You also don't know what it is with all this new passion about pistols--you refuse to
carry one, preferring your strong sword arm and an old-fashioned greatsword. You
just shattered your latest one, and since you didn't have time to go buy a new one (the
swordsmiths just love you), so you went down to the palace armory and found this
great old sword that some idiot had wedged in a rock. Morons! Didn't anyone know
how to treat weaponry? You swore up a blue streak trying to get it out of that rock.
But once you did, you took some steel wool and oil to it, it polished up a treat. Plus it
feels like an extension to your arm, and you really don't want to give it up.
Except Max (who's a lot sharper than you) noticed that your new sword looks an
awful lot like the one used by Baron Gorkiz, "The Ogre," back in the Suzereigna's
grandfather's day, at least to judge from the tapestries in the great hall. Even though it's
obvious romantic hyperbole--barons are not nine-feet-tall killing machines. Most are
just fat old men with gout, like your father.
You'd also be a much better fighter if you hadn't led such a sheltered life. You don't
know jack about magic, or politics, or much of anything except swordfighting and
horses and a little bit of court dancing. Your main trouble is that you're a hopeless
romantic. You wish you were back in the age of Baron Gorkiz, instead of this
confusing modern age, where there are no dragons, very few marvels, and witch trials
seem to be done as a mere political expedient. After all, you've never seen any
actual witchcraft or magic, and if you haven't seen it, it must not exist, right?

The Sword of Gorkiz the Ogre
(Artifact Sword of Sharpness +1)
Minor powers
Major powers
Minor curse
Major curse
Primary Power
The Sword of Gorkiz is an ancient runic sword, forged by the dwarves, or maybe
trolls, or perhaps mad wizards. It doesn't matter. What does matter is that the sword's
powers are activated not by command words but by oaths and blood. Giant strength
will activate by loudly and creatively cursing, swearing against one's enemies, insulting
their ancestors and so on. The Tenser's Transformation is activated only by blood,
specifically the blood and pain of the weilder, and tends to activate in battle after the
giant strength has already been triggered and the weilder is still screaming.
The Sword is also sentient, with a 14 INT and a 20 EGO, but is NEUTRAL
CROTCHETY. It's an old sword, it's seen far too many battles, and it's not going to
stir itself to possess any young fool to go out and slay dragons.

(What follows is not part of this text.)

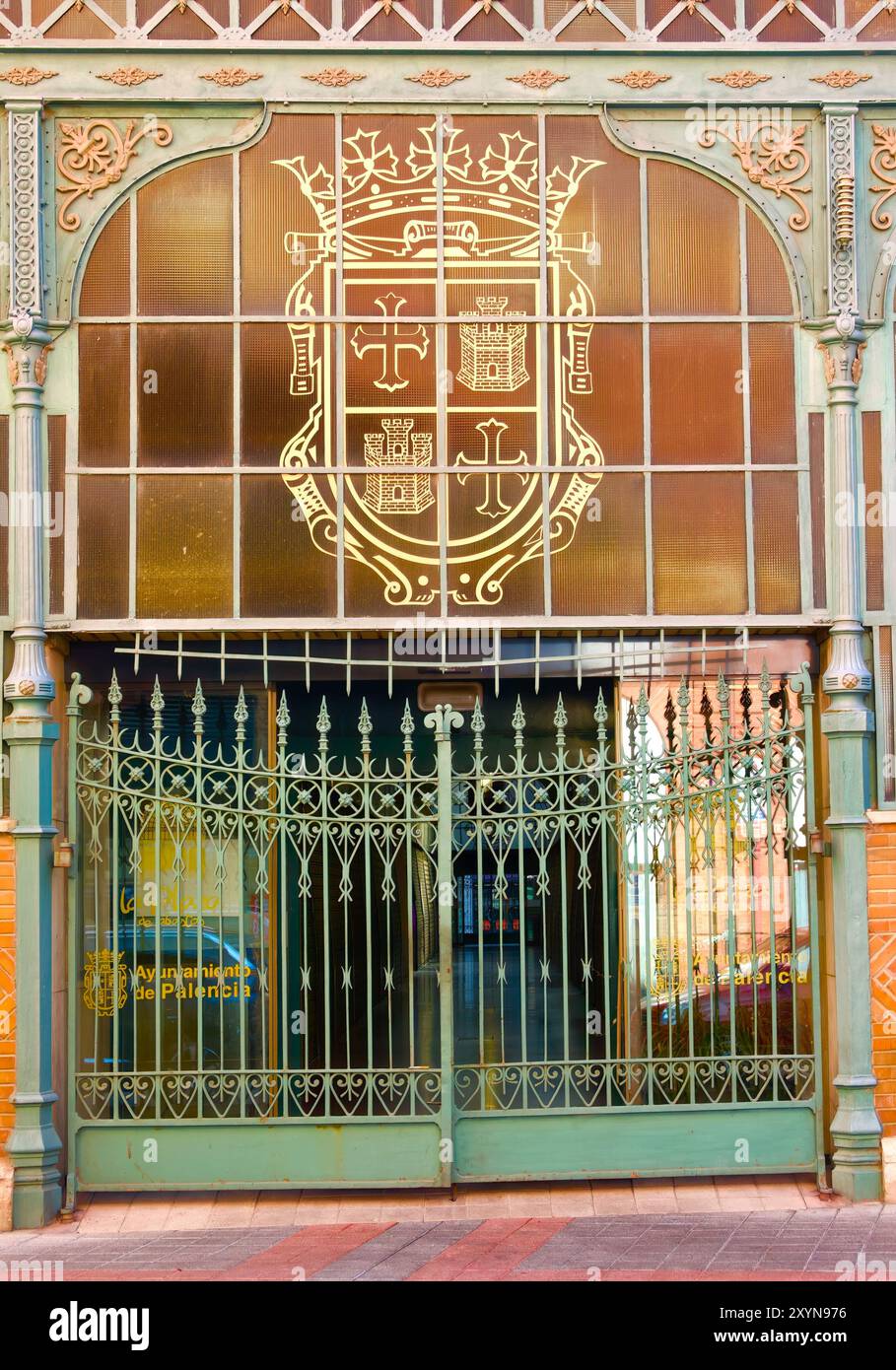 Wappen an den Eingangstoren zum Mercado de Abastos aus Gusseisen und Glas, erbaut 1900 im Stadtzentrum von Palencia Castile und Leon Spanien Stockfoto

Been there, done that.
It was very content to keep itself wedged in the stone in the armory until young
Parsival came in and honored it with a string of curses it hadn't heard since it was
forged by... who was it? The dwarves? The trolls? It was a long time ago anyway,
but after that, it seemed only right to reward the young one for making it remember.
It may reward him a few more times if he continues to honor it the same way.
Parsival doesn't know any of this, except that he's packed on some extra weight since he
found it, which is nothing unusual with the way he eats.